- Supreme Court of the United States

Argued March 19, 2018 Decided June 11, 2018
- Full case name: Ashley Sveen, et al., v. Kaye Melin
- Docket no.: 16-1432
- Citations: 584 U.S. 811 (more)
- Argument: https://www.oyez.org/cases/2017/16-1432
- Decision: Opinion

Holding
- A law providing that the dissolution or annulment of a marriage revokes any revocable beneficiary designation made by a person to the person's former spouse does not violate the Contracts Clause.

Court membership
- Chief Justice John Roberts Associate Justices Anthony Kennedy · Clarence Thomas Ruth Bader Ginsburg · Stephen Breyer Samuel Alito · Sonia Sotomayor Elena Kagan · Neil Gorsuch

Case opinions
- Majority: Kagan, joined by Roberts, Kennedy, Thomas, Ginsburg, Breyer, Alito, Sotomayor
- Dissent: Gorsuch

Laws applied
- Contracts Clause

= Sveen v. Melin =

2018 U.S. Supreme Court case

Sveen v. Melin, , was a case in which the U.S. Supreme Court decided whether a Minnesota law violated the Contract Clause of the Constitution of the United States.

== Background ==

In 1997, Mark Sveen and Kaye Melin got married, and the next year, Sveen purchased a life insurance policy. Melin was named as the primary beneficiary on this policy, and two of his children from a prior marriage were named as contingent beneficiaries. Sveen and Melin divorced in 2007, but the family court made no mention of the insurance policy. Sveen died in 2011, and a dispute developed between Melin and Sveen's children as to which of them could collect on his policy.

According to a 2002 Minnesota law, "the dissolution or annulment of a marriage revokes any revocable[ ] disposition, beneficiary designation, or appointment of property made by an individual to the individual’s former spouse in a governing instrument," where a governing instrument is defined to include insurance policies. This meant that in the event of a divorce, one partner would be presumptively removed from the other's policies as a beneficiary and vice-versa. Sveen's children claimed that under this law, since their father had not explicitly sought to keep Melin on as his primary beneficiary, they should receive the death benefit.

Article 1, Section 10, Clause 2 of the Constitution, colloquially known as the Contract Clause, says that "no state shall pass any Law impairing the obligation of contracts." Melin argued that, since the Minnesota law did not exist when her ex-husband purchased his insurance policy, to allow it to alter the terms of that policy later would be a violation of the Constitution.
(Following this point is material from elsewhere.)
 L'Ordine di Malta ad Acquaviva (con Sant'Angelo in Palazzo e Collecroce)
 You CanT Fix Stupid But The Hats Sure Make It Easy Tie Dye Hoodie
The District Court of Minnesota ruled in favor of the Sveens, but the United States Court of Appeals for the Eighth Circuit reversed on appeal.

== Supreme Court ==
The court reversed the Eighth Circuit in an 8–1 decision with the majority opinion authored by Associate Justice Elena Kagan.

=== Majority opinion ===
Justice Kagan stated that in Contract Clause cases, the court typically applies a two-step test. First, the court asks a threshold question as to whether the state law has "operated as a substantial impairment of a contractual relationship." If the court finds that there is a substantial impairment, they then move on to the second part of the test, which asks whether the law is an “appropriate” and “reasonable” way to advance “a significant and legitimate public purpose.” Kagan claimed that there were three reasons to stop after the first step and rule against Melin.
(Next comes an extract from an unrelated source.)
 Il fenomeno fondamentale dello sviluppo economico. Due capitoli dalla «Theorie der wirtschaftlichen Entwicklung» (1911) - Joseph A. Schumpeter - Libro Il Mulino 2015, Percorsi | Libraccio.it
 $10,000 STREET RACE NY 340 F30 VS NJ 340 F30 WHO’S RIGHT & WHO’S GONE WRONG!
First, the law purported to support and further the policy holder's intent rather than impair it, because "most divorcees do not aspire to enrich their former partners."

Second, the law did not disturb a policy holder's expectations because it is well within the power of divorce courts to revoke beneficiary status upon the dissolution of a marriage. Kagan's broader argument on this point was that during a divorce all assets, homes, cars, and insurance policies, are "up for grabs," and as such Melin had no reliance interest in remaining the primary beneficiary on her ex-husband's policy.

Third, if Sveen had so wished, he could have easily prevented the default rule from removing Melin from his policy by submitting a beneficiary change form to reinstate her, or simply informing the insurance company of his intention to do so.

=== Dissenting opinion ===
Justice Neil Gorsuch was the sole dissenter in this case. Gorsuch argued that the retroactive application of the Minnesota law violated the Contract Clause. First, he claimed that the changing of beneficiaries in such a retroactive manner was a substantial impairment on the policy holder. Second, he wrote that Minnesota could have used a much less intrusive method of reaching their goal, such as requiring the divorce court to confirm beneficiary designation before a dissolution is finalized.

Gorsuch also argued that the court's decision introduced a paradox. He wrote that the majority upheld the law partly on the basis that it could be easily undone, "yet the Court just finished telling us the statute is justified because most policyholders neglect their beneficiary designations after divorce. Both claims cannot be true."